Dans le sac de Mademoiselle B, ma place de cinéma pour aller voir le documentaire Free to Run. Pour ceux qui me suivent, j’avais organisé un concours pour vous faire gagner 2x2 places de ciné pour aller le voir. Free to Run raconte la fabuleuse épopée de la course à pied, acte marginal et militant devenu passion universelle. Ce documentaire est super bien orchestré, pas le genre de docu ou tu t’ennuies à mourir. Non, pas du tout. J’en ai eu des frissons. J’ai appris beaucoup de choses sur la course à pied. Les premiers adeptes de la course à pied étaient considérés des huluberlus. Du coup, ils couraient la nuit et à chaque passage de voiture se cachaient dans les fossés. Il était interdit pour une femme de participer à des courses à pied. J’ai découvert une femme, Kathrine Switzer. Cette étudiante américaine, alors âgée de 20 ans a fini le marathon de Boston en 4h20 en 1967. Elle s’était inscrite sur la course discrètement et s’était déguisée en homme.

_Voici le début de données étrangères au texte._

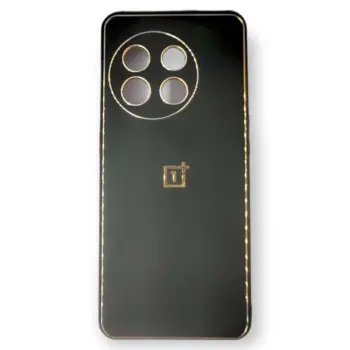 Back Cover For 1+11/OnePlus 11 Mobile Cover/Protection Case With Heavy Quality & Plain Cover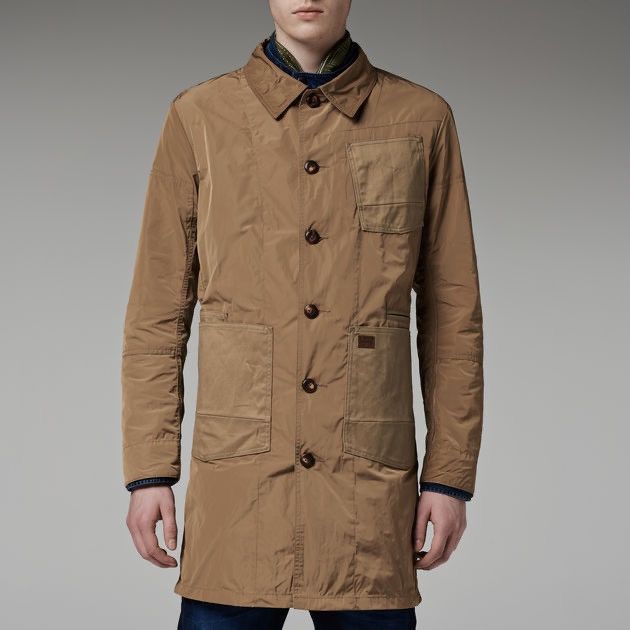 G-Star G Star Raw Faeroes Parka NWOT Size US M / EU 48-50 / 2 - 4 Thumbnail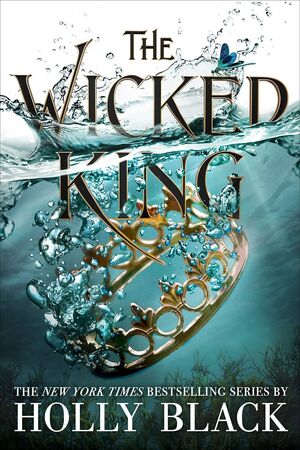 THE WICKED KING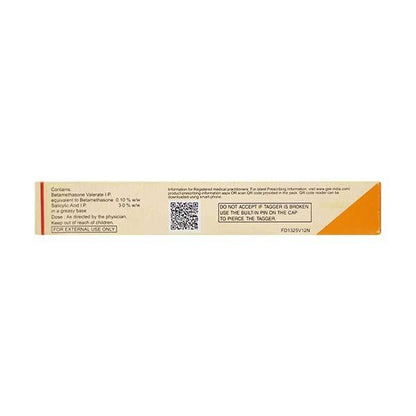 Betnovate S Ointment 20gm - Global Surgicals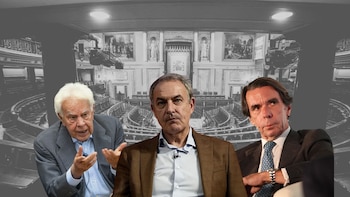 La ley de lobbies que Zapatero, Aznar y Felipe González pueden esquivar: estas son las lagunas que hacen que siga bloqueada en el Congreso
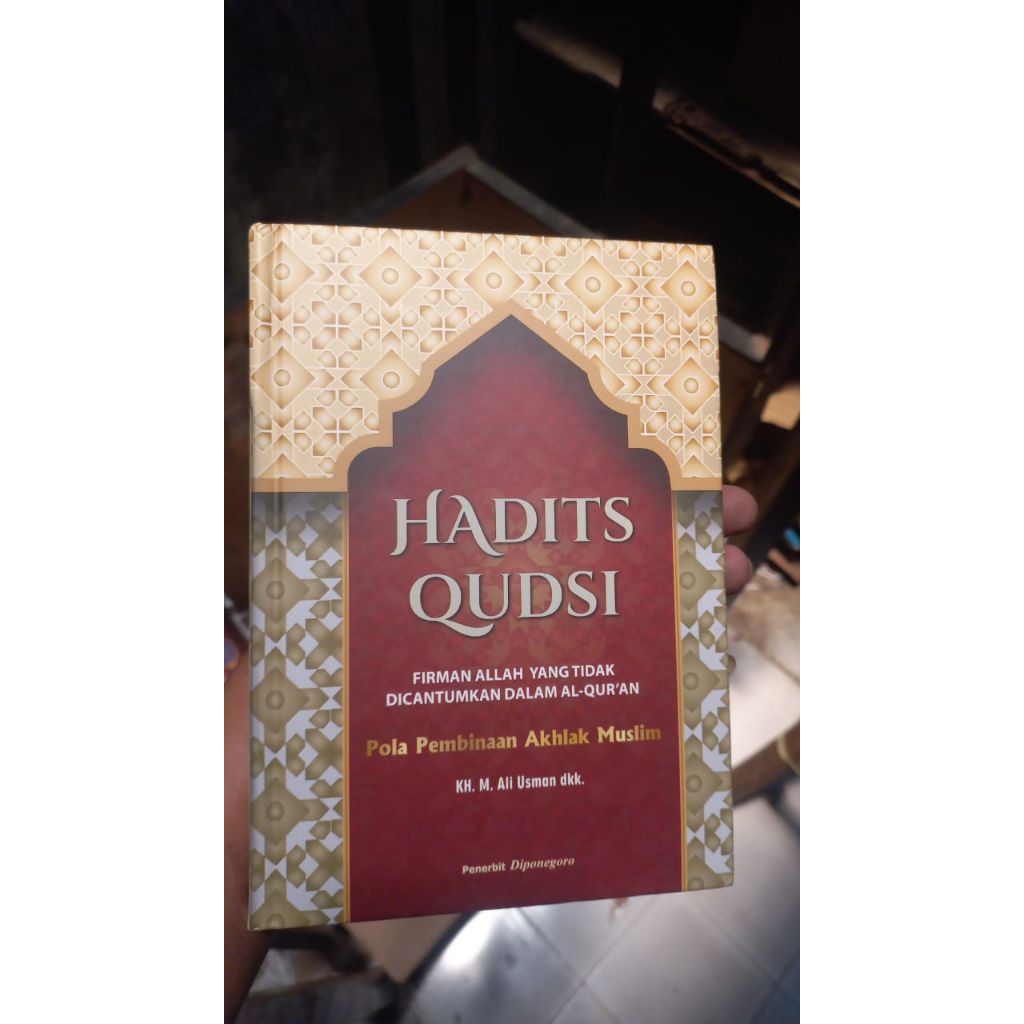 Hadits Qudsi firman Allah yang tidak dicantumkan dalam Al quran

Découverte après 3km de course, un bénévole Jon Semple a voulu l’expulser. Le petit ami de Kathrine lui avait alors donné de grands coups d’épaule sous les applaudissements du peloton et l’objectif d’un photographe. Cette photo a changé beaucoup pour la cause des femmes. Boston organisa donc sa première course ouverte aux femmes en 1969.

Synopsis

Des rues de New-York aux sentiers des Alpes suisses, de Sao Paulo à Paris, Pékin ou Sydney, hommes et femmes, champions ou anonymes… Nous sommes chaque année des millions à courir.
Pourtant, il y a à peine 50 ans, cette pratique était uniquement réservée aux hommes, cantonnée aux stades, avec des règles strictes, rétrogrades et sexistes.

Histoire de la course

La course à pied n’a pas toujours été aussi prisée. Ce sport devient à la fin des années 1960 symbole de contre-culture et de lutte contre le pouvoir établi, alors qu’il n’est à l’origine réservé qu’à quelques marginaux ; les femmes sont même interdites de toute compétition officielle. Naît alors un mouvement en faveur de la course populaire, retracé dans Free To Run jusqu’à nos jours.

Découverte étonnante

Le réalisateur Pierre Morath a découvert la course en 1985, alors qu’il n’avait que 15 ans. C’est bien plus tard qu’il a pris connaissance de l’histoire étonnante du running, alors qu’il écrivait un livre avec un sociologue sur les 30 ans de la Course de l’Escalade, très réputée en Suisse.  Il faudra attendra encore un peu avant que Free To Run voie finalement le jour.
Free To Run n’est pas un film sur la performance ; les protagonistes du documentaire ne sont ainsi pas tous de grands champions, mais ont chacun milité pour le droit de courir et révolutionné l’image d’un sport avant réservé aux athlètes de haut niveau.
Source: AlloCiné

Quatre destins exceptionnels mis en avant

1/ Kathrine Switzer, la première femme à avoir couru le marathon de Boston alors qu’il était encore (en 1967) réservé aux hommes.
2/ Noël Tamini, le créateur de la revue bimestrielle Spiridon. Il a démocratisé la course à pied en la faisant sortir des stades.
3/ Steve Prefontaine, athlète américain surdoué, mort à 24 ans. Il a changé la professionnalisation de ce sport en s’associant à une petite PME de l’Oregon, Nike.
4/ Fred Lebow, l’inventeur du marathon de New York.

Que t’inspire cet article et la bande annonce ? (je m’adresse aux adeptes de la course à pied bien sûr!).